By Jeff Brothers
Prices for everything we buy, whether it be a gallon of gas or that morning Starbucks, seem to be getting more expensive.
The latest consumer price index data showed another solid report with both the headline and core CPI moving higher by 0.2 percent. The year-over-year headline CPI was unchanged at 2.9 percent, but the core CPI, which excludes food and energy, climbed at a 2.4 percent annual pace, the highest since September 2008. Increases in airfares, shelter and new and used cars pushed the core index higher. Shelter prices, despite some recent softness in the housing market, continue to remain firm and are now running at a 3.5 percent annual rate. The shelter component makes up 41 percent of the core CPI. These increases were somewhat offset by declines in apparel prices and medical care. Even with the solid inflation report, we would expect the acceleration in consumer prices over the first half of the year to moderate, as weak comparisons from 2017 roll off. As an example, the three- and six-month annualized headline, CPI is showing a more restrained trend of only 1.61 percent and 2.02 percent, respectively. Even with some lessening in price pressures, it’s clear the economy has transitioned from fears of deflation towards risks of continued higher prices.

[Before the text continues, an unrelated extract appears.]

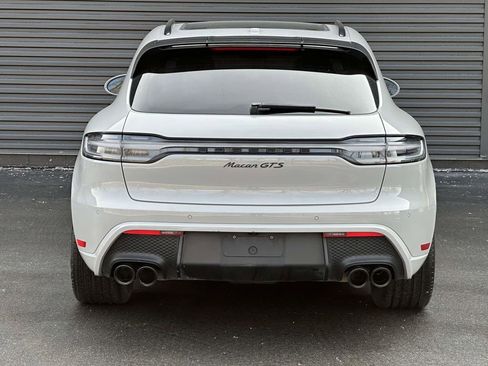 Used 2023 Porsche Macan GTS image 4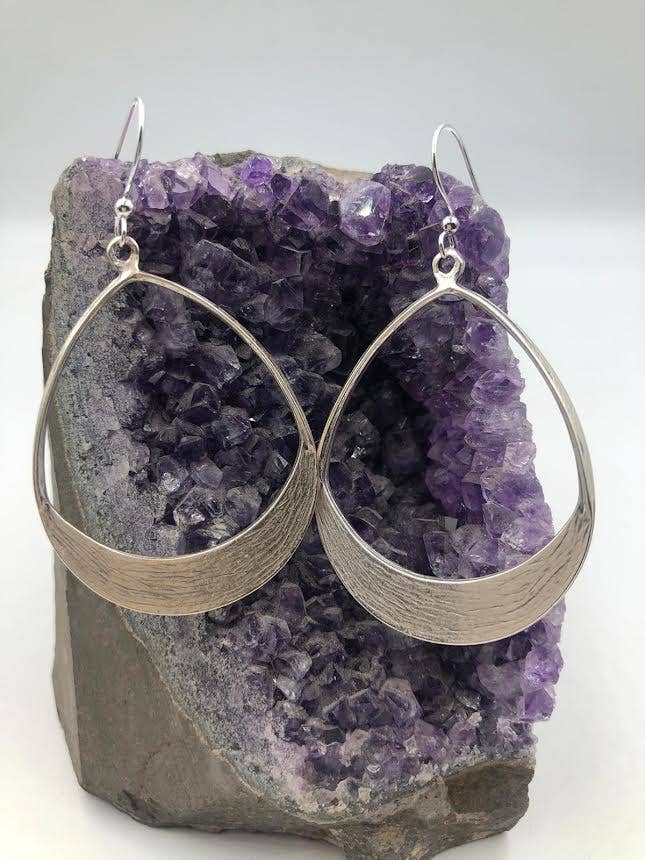 Volare - Wholesale Dangle Earrings - Lunar Arc Earrings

Another takeaway from the inflation report is that it does little to deter the Federal Reserve from the current path of gradual rate hikes. The Fed’s preferred inflation measure, the core personal consumption expenditures, is only marginally away from their stated target of 2 percent. The Fed may view the target as “symmetrical,” but given the gradual rise in prices, an overshoot of the target seems inevitable. The strength of the recent inflation report leaves the Fed little room to deviate from their one hike per quarter projections.
One downside of the rising inflation numbers is that wages are barely keeping pace. When average hourly earnings are adjusted for inflation, real wages actually fell for the first time since 2012. Broader measures of personal income don’t show such dire circumstances for the consumer, but wage growth has been anemic and higher consumer prices are eating into earnings. Overall consumer fundamentals remain in excellent shape, but the rise in prices does not seem sustainable in the face of stagnant wage growth.
What about tariffs and inflation? The growing threat from trade wars did not show up in the latest inflation readings. It’s difficult to predict how the current trade war will end, but even with a 25 percent tariff on $200 billion in Chinese imports, we would expect only a modest impact on inflation. Obviously, the impact could be significant for individual products, but the percentage of Chinese imports in the overall CPI is relatively small. A stronger U.S. dollar and a lower pass-through to consumers could potentially offset the rising price from tariffs.
U.S. interest rates were steady following the inflation report, but rallied sharply on a flight to quality following the decline in the Turkish lira. Rates have been in a narrow trading range over the past two months between 2.8 percent and 3 percent, largely due to market expectations that inflation pressures will slacken. The Treasury Inflation Protected Securities market has also stalled of late with break-even inflation rates around 2.1 percent for the 10-year TIP. One explanation for the stabilization in inflation expectations could be a belief that a hawkish Federal Reserve will successfully stamp out potential inflation threats.
Putting it all together, we see inflation continuing to move gradually higher with capacity pressures building and the near-term injection of fiscal stimulus. The risks from a trade war are uncertain, but will largely have a bigger impact on economic growth than inflation. Wage increases have remained in check, but signs are beginning to emerge that the tight labor markets could finally be raising earnings. And finally, you may not have noticed, but Starbucks did raise their coffee prices by 10 to 20 cents in June.
Jeff Brothers is Senior Portfolio Manager at Tortoise.